Migrant workers to the Arabian Gulf states are rarely covered by labor law and generally denied the ability to exercise fundamental human rights, including freedom of association, which makes them vulnerable to exploitation and abuse, said panelists at a standing-room-only Capitol Hill briefing Tuesday.
Migrant workers to countries such as Bahrain, Kuwait and Qatar endure a “triangle of oppression,” in which they pay steep fees to get a job, generally have their passports taken by employers once they arrive in country and then find they have no legal protection or recourse when they are abused, said Sarah Leah Whitson, executive director for the Middle East and North Africa Division of Human Rights Watch.
Whitson, who described the migrant worker experience as “akin to indentured servitude,” was one of four panelists at a Capitol Hill briefing this week, “Modern Day Slavery: Combating Migrant Labor Abuses and Ending Human Trafficking in the Gulf.”
Sponsored by the Solidarity Center and the Americans for Democracy and Human Rights in Bahrain (ADHRB), the panel was moderated by Solidarity Center Executive Director Shawna Bader-Blau, who noted the importance of shining “a light on migrant exploitation in the Gulf as part of the broader global fight against human trafficking and forced labor.” Other panelists were James Suzano, ADHRB legal officer, and James Lynch, researcher at Amnesty International London.

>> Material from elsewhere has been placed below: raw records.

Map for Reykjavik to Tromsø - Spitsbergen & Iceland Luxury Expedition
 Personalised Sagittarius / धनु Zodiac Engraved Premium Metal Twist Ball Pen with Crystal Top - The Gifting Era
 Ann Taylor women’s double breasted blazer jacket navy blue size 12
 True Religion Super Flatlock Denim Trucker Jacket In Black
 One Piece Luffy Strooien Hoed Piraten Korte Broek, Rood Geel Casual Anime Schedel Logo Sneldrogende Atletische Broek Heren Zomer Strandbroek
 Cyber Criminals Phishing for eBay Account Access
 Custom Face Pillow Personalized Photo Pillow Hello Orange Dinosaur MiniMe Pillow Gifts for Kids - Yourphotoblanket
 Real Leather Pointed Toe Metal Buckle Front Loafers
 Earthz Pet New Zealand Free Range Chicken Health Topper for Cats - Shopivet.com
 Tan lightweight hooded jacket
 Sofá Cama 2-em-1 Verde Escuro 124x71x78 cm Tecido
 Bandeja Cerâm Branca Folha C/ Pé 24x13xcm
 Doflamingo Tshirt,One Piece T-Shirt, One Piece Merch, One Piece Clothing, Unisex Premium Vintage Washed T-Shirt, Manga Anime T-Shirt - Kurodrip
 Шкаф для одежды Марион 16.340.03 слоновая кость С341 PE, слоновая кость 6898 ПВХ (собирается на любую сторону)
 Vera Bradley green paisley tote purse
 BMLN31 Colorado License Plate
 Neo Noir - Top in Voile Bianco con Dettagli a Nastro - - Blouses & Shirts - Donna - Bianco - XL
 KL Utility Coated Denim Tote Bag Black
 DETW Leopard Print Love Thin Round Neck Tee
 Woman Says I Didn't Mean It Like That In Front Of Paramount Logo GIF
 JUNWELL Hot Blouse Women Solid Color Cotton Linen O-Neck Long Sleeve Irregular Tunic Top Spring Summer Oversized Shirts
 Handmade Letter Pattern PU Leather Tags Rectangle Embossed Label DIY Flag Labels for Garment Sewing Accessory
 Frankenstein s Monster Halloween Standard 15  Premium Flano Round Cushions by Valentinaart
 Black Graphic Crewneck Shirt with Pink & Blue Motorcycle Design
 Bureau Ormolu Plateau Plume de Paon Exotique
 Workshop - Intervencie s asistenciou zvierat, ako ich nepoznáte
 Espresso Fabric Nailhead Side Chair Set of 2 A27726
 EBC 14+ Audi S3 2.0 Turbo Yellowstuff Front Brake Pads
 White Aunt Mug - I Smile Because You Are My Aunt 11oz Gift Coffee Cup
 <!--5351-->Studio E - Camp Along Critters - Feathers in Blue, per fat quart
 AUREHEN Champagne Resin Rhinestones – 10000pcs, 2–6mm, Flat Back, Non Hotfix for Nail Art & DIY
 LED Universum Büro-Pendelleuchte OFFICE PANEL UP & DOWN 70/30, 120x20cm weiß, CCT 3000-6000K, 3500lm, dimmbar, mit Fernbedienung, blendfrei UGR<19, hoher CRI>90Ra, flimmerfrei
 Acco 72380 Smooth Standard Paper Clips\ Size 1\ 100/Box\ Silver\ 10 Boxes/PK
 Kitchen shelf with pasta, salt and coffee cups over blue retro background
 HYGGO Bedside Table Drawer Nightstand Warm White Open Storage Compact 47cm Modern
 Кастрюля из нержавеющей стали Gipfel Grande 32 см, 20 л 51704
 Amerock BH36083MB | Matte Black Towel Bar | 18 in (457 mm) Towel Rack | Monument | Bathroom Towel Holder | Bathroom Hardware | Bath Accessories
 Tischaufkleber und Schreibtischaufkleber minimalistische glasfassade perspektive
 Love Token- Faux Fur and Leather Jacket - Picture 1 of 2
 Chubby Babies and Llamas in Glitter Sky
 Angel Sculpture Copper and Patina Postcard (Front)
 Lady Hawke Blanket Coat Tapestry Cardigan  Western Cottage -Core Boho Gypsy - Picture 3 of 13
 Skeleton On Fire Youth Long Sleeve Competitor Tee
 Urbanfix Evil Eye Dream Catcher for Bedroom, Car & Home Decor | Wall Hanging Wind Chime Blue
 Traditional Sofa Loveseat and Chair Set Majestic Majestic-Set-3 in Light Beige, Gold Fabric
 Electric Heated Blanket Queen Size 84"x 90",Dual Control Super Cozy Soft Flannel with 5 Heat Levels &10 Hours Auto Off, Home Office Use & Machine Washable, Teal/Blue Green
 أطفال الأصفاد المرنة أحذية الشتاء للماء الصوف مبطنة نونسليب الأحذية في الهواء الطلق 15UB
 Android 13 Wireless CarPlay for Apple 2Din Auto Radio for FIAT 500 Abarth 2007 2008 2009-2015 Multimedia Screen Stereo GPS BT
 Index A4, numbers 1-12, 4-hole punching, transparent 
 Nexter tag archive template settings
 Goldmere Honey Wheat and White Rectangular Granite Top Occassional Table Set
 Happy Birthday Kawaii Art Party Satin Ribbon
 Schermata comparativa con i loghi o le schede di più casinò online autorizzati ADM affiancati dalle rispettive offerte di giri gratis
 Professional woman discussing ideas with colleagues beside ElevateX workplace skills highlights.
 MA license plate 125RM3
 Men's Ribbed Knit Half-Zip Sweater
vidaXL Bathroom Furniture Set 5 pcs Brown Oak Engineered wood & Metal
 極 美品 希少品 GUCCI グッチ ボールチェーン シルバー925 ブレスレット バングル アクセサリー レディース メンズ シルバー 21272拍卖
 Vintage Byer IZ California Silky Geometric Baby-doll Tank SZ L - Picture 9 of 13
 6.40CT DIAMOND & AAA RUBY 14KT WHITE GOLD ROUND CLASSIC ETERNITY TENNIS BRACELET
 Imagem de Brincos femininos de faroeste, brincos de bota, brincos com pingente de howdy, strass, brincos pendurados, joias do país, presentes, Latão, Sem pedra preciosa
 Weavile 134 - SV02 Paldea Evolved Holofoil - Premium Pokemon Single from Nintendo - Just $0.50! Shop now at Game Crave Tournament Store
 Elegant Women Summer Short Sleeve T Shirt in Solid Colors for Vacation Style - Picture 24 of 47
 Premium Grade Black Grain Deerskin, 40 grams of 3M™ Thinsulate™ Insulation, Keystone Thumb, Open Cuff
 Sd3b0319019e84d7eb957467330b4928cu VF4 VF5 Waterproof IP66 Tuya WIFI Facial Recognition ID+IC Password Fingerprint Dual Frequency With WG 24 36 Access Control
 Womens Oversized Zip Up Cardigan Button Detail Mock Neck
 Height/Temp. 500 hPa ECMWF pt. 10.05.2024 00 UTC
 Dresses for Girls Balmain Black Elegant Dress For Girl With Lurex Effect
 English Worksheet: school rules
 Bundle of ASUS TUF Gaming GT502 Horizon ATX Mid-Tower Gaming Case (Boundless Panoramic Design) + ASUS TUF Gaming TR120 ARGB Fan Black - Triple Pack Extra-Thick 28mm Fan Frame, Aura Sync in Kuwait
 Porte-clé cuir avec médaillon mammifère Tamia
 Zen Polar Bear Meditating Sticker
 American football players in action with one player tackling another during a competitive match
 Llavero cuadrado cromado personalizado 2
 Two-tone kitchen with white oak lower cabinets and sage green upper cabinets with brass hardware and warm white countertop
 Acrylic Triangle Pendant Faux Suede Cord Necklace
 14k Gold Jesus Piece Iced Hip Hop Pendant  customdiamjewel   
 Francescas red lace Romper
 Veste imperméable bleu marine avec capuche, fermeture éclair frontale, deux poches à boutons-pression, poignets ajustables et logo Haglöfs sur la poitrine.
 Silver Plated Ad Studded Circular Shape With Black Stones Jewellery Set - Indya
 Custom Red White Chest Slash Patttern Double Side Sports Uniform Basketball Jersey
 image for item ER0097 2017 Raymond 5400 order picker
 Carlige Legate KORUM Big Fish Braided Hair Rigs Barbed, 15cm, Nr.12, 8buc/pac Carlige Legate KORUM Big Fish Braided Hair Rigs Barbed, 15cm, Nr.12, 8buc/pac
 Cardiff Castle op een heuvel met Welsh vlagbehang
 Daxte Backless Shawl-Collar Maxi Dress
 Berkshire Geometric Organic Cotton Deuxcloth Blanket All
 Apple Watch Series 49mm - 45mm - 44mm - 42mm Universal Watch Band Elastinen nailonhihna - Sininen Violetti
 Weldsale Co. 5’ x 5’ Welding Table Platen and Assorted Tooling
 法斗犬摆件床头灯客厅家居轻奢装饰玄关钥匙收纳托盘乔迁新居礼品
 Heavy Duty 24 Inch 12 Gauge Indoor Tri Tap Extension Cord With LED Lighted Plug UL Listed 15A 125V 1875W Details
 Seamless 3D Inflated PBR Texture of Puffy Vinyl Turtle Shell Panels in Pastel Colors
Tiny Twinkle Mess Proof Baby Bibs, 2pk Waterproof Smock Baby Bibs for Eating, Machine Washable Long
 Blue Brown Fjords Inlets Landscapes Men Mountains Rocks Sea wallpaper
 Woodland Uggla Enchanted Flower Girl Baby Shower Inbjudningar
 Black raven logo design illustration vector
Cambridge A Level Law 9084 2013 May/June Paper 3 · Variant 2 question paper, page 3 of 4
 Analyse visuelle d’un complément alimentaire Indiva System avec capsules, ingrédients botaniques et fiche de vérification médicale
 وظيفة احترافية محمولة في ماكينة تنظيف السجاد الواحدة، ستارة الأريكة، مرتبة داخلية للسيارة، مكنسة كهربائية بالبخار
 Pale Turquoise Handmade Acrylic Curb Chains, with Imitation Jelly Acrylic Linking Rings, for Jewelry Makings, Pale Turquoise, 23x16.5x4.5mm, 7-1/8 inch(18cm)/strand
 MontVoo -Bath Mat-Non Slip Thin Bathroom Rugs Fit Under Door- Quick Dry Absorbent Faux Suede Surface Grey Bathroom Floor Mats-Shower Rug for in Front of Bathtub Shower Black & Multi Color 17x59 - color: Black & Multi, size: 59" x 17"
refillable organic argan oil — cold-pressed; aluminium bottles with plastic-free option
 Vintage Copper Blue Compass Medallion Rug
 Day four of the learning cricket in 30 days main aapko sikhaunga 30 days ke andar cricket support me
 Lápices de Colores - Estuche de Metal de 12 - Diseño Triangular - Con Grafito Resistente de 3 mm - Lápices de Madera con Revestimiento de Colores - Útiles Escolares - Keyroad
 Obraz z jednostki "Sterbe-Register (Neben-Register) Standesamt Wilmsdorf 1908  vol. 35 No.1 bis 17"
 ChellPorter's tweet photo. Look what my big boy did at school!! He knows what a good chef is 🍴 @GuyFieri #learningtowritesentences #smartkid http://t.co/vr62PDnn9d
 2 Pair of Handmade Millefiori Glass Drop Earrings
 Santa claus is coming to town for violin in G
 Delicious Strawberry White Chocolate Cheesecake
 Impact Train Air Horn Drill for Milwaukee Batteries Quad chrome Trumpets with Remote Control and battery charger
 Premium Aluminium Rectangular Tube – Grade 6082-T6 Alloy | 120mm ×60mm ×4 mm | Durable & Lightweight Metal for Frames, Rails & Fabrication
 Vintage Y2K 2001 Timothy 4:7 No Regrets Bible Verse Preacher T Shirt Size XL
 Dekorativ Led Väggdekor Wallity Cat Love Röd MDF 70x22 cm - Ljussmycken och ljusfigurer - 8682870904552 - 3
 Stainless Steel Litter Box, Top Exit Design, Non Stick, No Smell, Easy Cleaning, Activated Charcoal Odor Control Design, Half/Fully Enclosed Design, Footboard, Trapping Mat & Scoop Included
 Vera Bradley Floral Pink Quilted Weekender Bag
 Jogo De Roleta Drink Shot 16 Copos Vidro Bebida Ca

The panel was the second of two Capitol Hill events on July 8 highlighting the plight of the 90 million migrants who cross borders every year to work. In the Middle East, some 18.6 million migrant workers toil at jobs such as construction and domestic work.
Panelists repeatedly pointed to the brutality of the employer sponsorship system in Gulf countries “which emboldens employers to mistreat workers,” said Suzano. Known as kafala, the system requires foreign workers to have an employer sponsor, prevents workers from changing jobs without employer approval or judicial authorization, and deports workers who seek new employment or flee abusive conditions. Although most Gulf countries recently have enacted laws to address the abuses inherent in kafala, panelists noted that these laws are not enforced.
Further, said Lynch, it is impossible to “understand the vested interests” that perpetuate employer sponsorship programs in Gulf countries and around the world. Employers benefit from a captive workforce who cannot negotiate for better pay and working conditions—or report abuse to authorities. And often, corruption in governments may mean officials are working with labor recruiters.
Middle Eastern governments refuse to grant citizenship to migrants who have made the country their home for many years, denying them fundamental rights such as the freedom to join unions, bargain collectively and strike, several panelists said. In most Gulf countries, migrant workers comprise the vast majority of the working population, toiling particularly in difficult jobs such as construction and domestic service, yet are not even guaranteed a minimum wage.
As elsewhere around the world, migrants in the region are trafficked for what often turns out to be forced labor. “Human trafficking is much more prevalent than sex trafficking and it needs to be more comprehensively addressed,” said Suzano.
“Ultimately, said Bader-Blau, “the problem of human trafficking in the Gulf is a problem of migrant worker exploitation, and that is a problem of global governance of migration and a problem fundamentally of worker rights and human rights.